Output each line of the data word for word, from the first through the line that holds "Jacob Fitted Long", and leave off whatever follows.

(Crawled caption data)
■ ■ ■ ■ ■ ■ ■
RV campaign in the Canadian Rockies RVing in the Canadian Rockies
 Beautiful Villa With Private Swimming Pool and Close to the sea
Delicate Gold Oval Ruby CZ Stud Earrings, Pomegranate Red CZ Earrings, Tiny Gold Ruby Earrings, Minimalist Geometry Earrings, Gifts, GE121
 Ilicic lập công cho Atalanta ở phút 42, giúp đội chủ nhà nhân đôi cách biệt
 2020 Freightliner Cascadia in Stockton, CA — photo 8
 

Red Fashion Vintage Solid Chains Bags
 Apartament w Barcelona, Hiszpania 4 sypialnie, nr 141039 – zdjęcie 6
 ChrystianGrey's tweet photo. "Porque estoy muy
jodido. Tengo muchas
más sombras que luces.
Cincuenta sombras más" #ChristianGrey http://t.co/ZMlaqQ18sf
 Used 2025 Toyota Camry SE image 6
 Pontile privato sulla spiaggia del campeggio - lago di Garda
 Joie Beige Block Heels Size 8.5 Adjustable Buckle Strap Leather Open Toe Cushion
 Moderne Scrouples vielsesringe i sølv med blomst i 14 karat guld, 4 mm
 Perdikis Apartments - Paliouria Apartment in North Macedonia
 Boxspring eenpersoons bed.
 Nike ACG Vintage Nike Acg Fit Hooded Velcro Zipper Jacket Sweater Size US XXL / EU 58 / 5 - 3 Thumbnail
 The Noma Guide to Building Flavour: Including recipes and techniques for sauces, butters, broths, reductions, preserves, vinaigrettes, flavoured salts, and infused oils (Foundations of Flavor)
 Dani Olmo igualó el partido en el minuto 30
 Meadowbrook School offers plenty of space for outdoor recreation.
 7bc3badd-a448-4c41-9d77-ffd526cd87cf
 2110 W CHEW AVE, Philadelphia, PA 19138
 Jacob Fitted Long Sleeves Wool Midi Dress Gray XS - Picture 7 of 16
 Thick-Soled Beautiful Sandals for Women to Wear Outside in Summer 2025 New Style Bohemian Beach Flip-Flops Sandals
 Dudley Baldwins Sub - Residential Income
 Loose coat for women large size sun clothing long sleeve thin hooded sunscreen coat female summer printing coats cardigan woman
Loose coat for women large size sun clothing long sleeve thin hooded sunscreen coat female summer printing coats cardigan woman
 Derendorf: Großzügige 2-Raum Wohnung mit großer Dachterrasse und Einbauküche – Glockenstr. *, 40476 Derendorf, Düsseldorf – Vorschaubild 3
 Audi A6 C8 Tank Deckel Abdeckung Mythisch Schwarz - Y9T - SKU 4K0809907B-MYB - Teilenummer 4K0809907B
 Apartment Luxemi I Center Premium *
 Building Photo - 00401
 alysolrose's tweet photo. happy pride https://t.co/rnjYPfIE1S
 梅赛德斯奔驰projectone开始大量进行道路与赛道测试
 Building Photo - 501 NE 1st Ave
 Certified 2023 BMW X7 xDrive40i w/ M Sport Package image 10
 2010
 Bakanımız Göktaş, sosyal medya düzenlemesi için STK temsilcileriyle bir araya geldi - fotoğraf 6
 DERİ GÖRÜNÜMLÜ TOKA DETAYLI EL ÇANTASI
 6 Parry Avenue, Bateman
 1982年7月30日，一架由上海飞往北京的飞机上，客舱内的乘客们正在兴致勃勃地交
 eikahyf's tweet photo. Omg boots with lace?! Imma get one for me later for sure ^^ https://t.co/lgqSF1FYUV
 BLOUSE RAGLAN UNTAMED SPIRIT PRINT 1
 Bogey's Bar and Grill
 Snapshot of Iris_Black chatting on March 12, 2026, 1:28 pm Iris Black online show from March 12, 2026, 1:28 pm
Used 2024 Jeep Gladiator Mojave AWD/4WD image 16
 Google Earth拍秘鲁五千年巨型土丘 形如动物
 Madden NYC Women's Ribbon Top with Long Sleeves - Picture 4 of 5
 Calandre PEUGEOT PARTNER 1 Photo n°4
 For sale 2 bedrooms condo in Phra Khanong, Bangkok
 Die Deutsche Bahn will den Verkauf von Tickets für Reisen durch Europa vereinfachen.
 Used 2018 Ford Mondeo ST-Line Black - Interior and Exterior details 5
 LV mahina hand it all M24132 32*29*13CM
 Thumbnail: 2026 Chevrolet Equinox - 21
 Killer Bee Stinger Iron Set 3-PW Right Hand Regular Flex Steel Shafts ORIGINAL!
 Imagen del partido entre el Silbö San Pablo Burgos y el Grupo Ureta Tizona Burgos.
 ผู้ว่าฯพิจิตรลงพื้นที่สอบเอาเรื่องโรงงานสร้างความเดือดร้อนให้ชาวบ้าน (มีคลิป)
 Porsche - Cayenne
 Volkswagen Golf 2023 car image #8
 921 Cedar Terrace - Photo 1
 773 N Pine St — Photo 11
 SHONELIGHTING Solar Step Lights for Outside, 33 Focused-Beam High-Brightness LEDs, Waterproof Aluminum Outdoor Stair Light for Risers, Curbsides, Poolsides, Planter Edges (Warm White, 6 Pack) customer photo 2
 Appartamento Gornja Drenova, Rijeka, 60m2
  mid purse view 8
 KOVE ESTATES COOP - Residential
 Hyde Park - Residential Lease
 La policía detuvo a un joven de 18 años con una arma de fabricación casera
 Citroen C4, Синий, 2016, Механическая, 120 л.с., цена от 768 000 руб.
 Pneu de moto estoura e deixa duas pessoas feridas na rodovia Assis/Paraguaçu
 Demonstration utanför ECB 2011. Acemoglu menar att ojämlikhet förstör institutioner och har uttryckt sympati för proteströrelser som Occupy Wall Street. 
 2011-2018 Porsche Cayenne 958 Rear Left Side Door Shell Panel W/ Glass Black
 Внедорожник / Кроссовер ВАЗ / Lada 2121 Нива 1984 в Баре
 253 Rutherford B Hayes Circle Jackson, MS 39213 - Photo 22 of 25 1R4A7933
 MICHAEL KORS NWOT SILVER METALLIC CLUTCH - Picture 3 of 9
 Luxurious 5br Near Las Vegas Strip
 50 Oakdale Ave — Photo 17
■ ■ ■ ■ ■ ■ ■
» **Exercise answer**
RV campaign in the Canadian Rockies RVing in the Canadian Rockies
 Beautiful Villa With Private Swimming Pool and Close to the sea
Delicate Gold Oval Ruby CZ Stud Earrings, Pomegranate Red CZ Earrings, Tiny Gold Ruby Earrings, Minimalist Geometry Earrings, Gifts, GE121
 Ilicic lập công cho Atalanta ở phút 42, giúp đội chủ nhà nhân đôi cách biệt
 2020 Freightliner Cascadia in Stockton, CA — photo 8
 

Red Fashion Vintage Solid Chains Bags
 Apartament w Barcelona, Hiszpania 4 sypialnie, nr 141039 – zdjęcie 6
 ChrystianGrey's tweet photo. "Porque estoy muy
jodido. Tengo muchas
más sombras que luces.
Cincuenta sombras más" #ChristianGrey http://t.co/ZMlaqQ18sf
 Used 2025 Toyota Camry SE image 6
 Pontile privato sulla spiaggia del campeggio - lago di Garda
 Joie Beige Block Heels Size 8.5 Adjustable Buckle Strap Leather Open Toe Cushion
 Moderne Scrouples vielsesringe i sølv med blomst i 14 karat guld, 4 mm
 Perdikis Apartments - Paliouria Apartment in North Macedonia
 Boxspring eenpersoons bed.
 Nike ACG Vintage Nike Acg Fit Hooded Velcro Zipper Jacket Sweater Size US XXL / EU 58 / 5 - 3 Thumbnail
 The Noma Guide to Building Flavour: Including recipes and techniques for sauces, butters, broths, reductions, preserves, vinaigrettes, flavoured salts, and infused oils (Foundations of Flavor)
 Dani Olmo igualó el partido en el minuto 30
 Meadowbrook School offers plenty of space for outdoor recreation.
 7bc3badd-a448-4c41-9d77-ffd526cd87cf
 2110 W CHEW AVE, Philadelphia, PA 19138
 Jacob Fitted Long Sleeves Wool Midi Dress Gray XS - Picture 7 of 16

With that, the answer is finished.